> DIRECTIONS FOR THIS TASK: Leave out the pictures and set down the rest of the listing below word for word.

> GIVEN MATERIAL:

______________________________

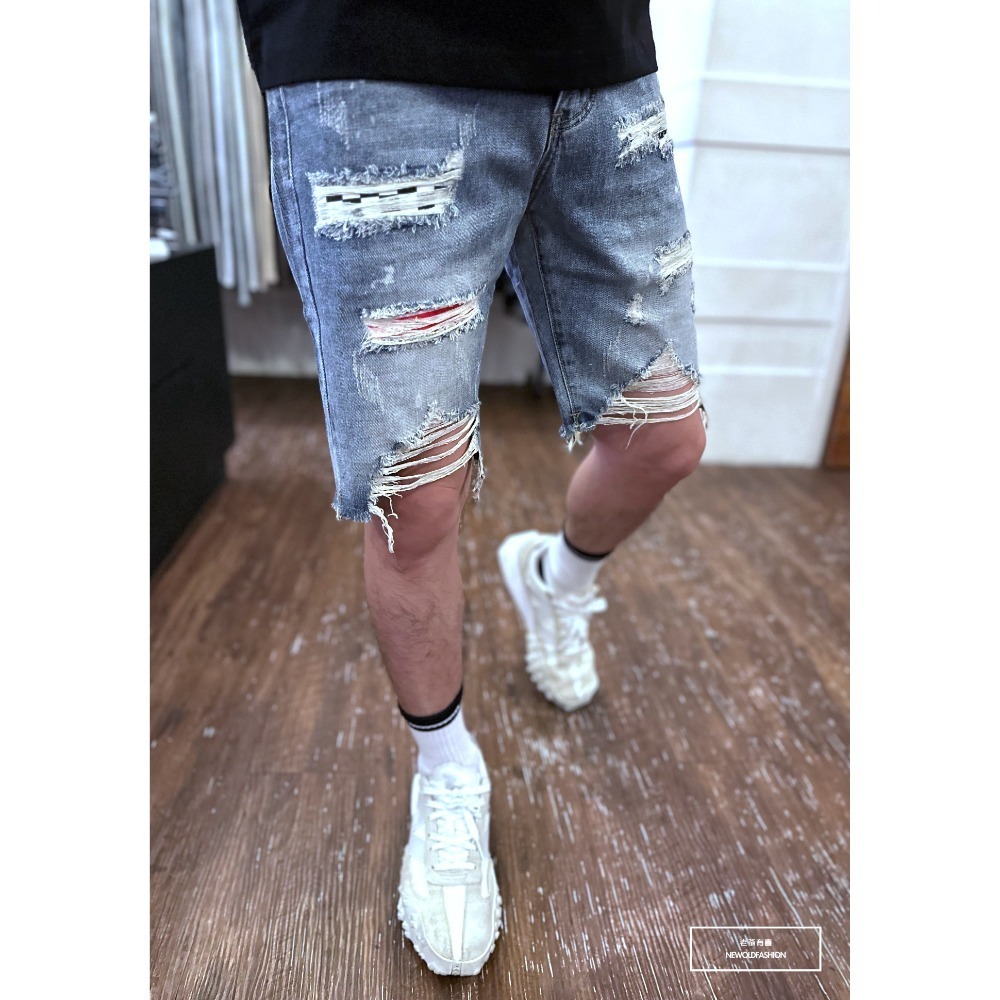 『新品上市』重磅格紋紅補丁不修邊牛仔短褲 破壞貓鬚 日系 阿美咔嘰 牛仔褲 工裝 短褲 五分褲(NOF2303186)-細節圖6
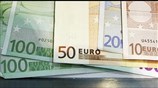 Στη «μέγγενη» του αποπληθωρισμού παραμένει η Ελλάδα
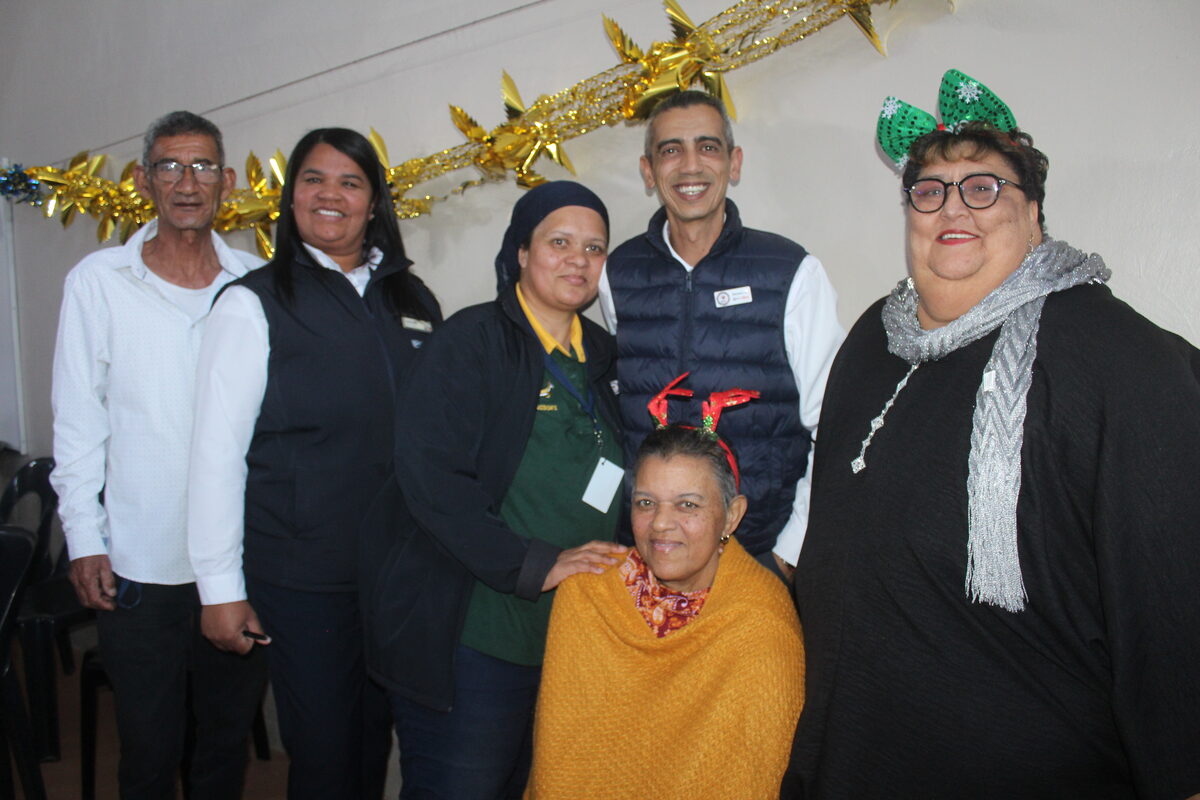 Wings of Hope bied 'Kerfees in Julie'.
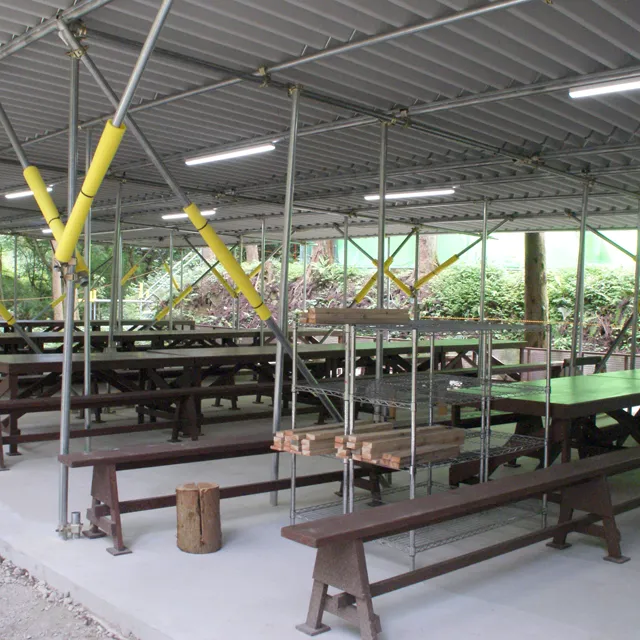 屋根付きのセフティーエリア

______________________________

> EXPECTED ANSWER:
 『新品上市』重磅格紋紅補丁不修邊牛仔短褲 破壞貓鬚 日系 阿美咔嘰 牛仔褲 工裝 短褲 五分褲(NOF2303186)-細節圖6
 Στη «μέγγενη» του αποπληθωρισμού παραμένει η Ελλάδα
 Wings of Hope bied 'Kerfees in Julie'.
 屋根付きのセフティーエリア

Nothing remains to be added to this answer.